The Trump administration enforced economic sanctions on Iran Aug. 6 after it claimed its nuclear deal with the U.S. has not halted its aggressive activity throughout the region. Another round of American sanctions are slated for Nov. 4. Experts told Fifth Domain that Iran may retaliate in cyberspace where it can avoid a physical confrontation.

“If the United States actually sanctions Iran and they bite because the Europeans enforce them, Iran will probably lash out against the financial sector,” Ross Rustici, senior director of intelligence services at the threat analysis firm Cybereason told Fifth Domain.

“If you do a lot of business with Saudi Arabia, yes, there is always going to be a large risk. If you are in the oil and natural gas industry, yes, you’re probably going to see downstream effects depending on how our sanctions go.”

Among the factors that Iran may weigh is how many nations join the American sanctions, Rustici said. If the Trump administration can build a coalition of countries to join their regime, then Iran may respond in kind through cyberspace.

Iran is facing an economic crisis after several major international firms pulled operations from the country following the American sanctions. Iran’s economic minister was impeached Aug 26. for his mishandling of the economy.

Iranian hackers usually take three to four months to carry out an attack, Levi Gundert, vice president of intelligence at Recorded Future, told Fifth Domain during the Black Hat conference in Las Vegas. That means the Nov. 4 date for potentially another round of U.S. sanctions coincides with the timeline for an expected retaliation.

The warnings come as Iran was accused of a widespread disinformation campaign on social media.

Facebook removed 652 pages for “coordinated inauthentic behavior” that targeted the Middle East, Latin America, the United Kingdom and the United States, the company said in an Aug. 21 post. On the same day, Twitter said it had suspended 284 accounts for manipulation, many of which apparently originated from Iran. The Iranian campaign began to ramp up its focus on the United States and United Kingdom in 2017, Facebook said. The disinformation campaigns are a sign that the Iranian government is not afraid of targeting Americans.

The U.S. government considers Iran as one of its four primary adversaries in cyberspace, including China, Russia and North Korea.

Iran’s cyber program began around 2009 and has relied on simple tactics such as phishing, according to experts. In response to financial sanctions under the Obama administration, Iran was accused of launching cyberattacks against tens of dozens of American banks from 2011 to 2014. In February 2014, the Iranian government hacked the Sands Casino in Las Vegas and wiped out three-quarters of its locally based servers, according to U.S. intelligence officials and Bloomberg. It came four months after the casino’s owner, Sheldon Adelson, advocated a nuclear strike on Iran.

Judging from historical patterns, Recorded Future predicted in a May report that when it comes to this upcoming threat of Iranian cyberattacks, “the businesses likely to be at greatest risk are in many of the same sectors that were victimized by Iranian cyberattacks between 2012 and 2014 and include banks and financial services, government departments, critical infrastructure providers, and oil and energy.”

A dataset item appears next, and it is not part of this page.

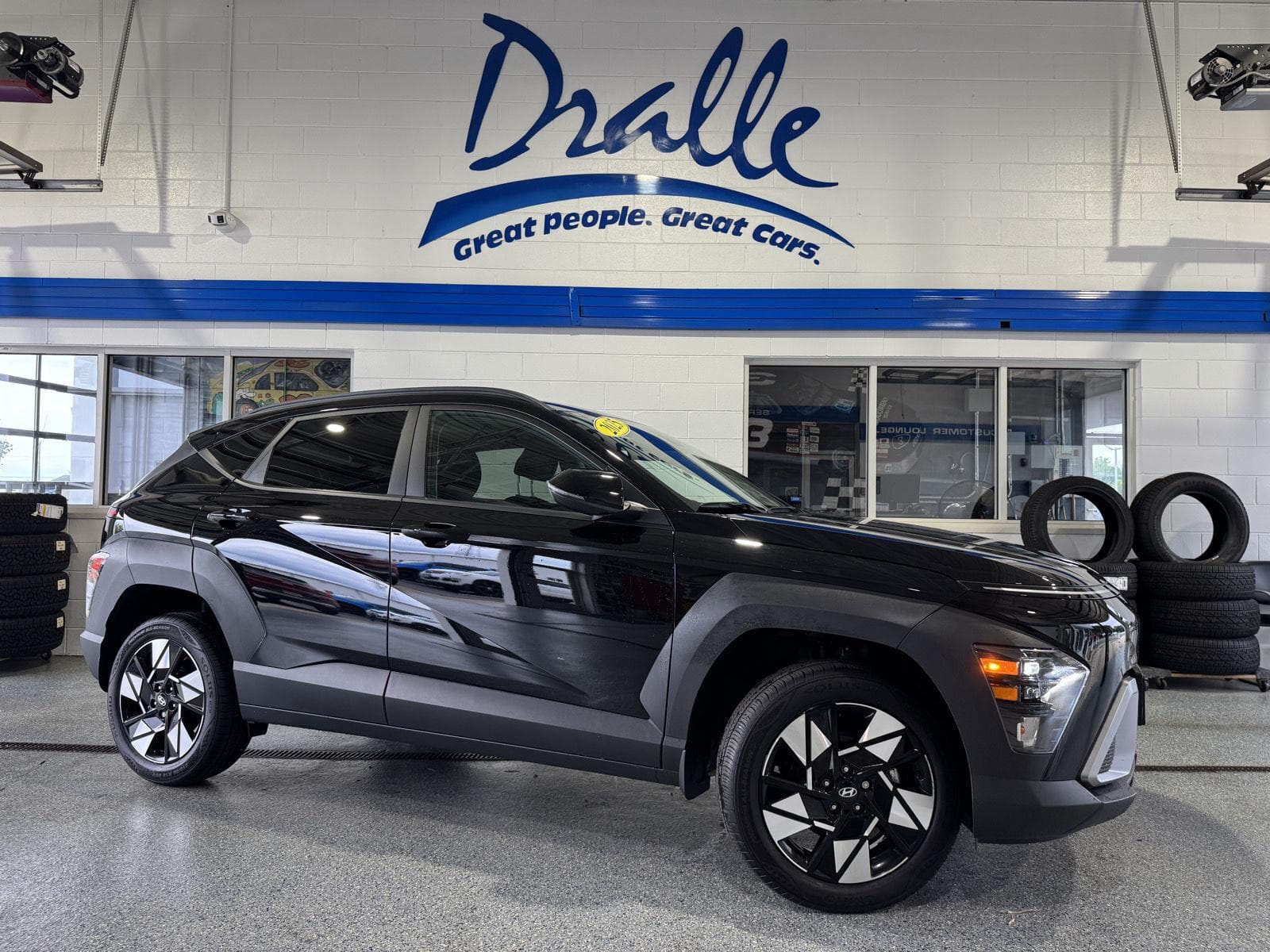 2025 Hyundai Kona SEL — photo 1 of 27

But the Iranian leaders are often weary of the hackers they employ, experts told Fifth Domain. Iran operates “with embedded paranoia, where ultimately, no one can be trusted,” Recorded Future said in their report.

“There is a web of contractors in Iran that actually do the work and carry out attacks,” Gundert said. But the cell-based structure carries risks.The left hand doesn’t know what the right hand is doing, because of these trust issues.”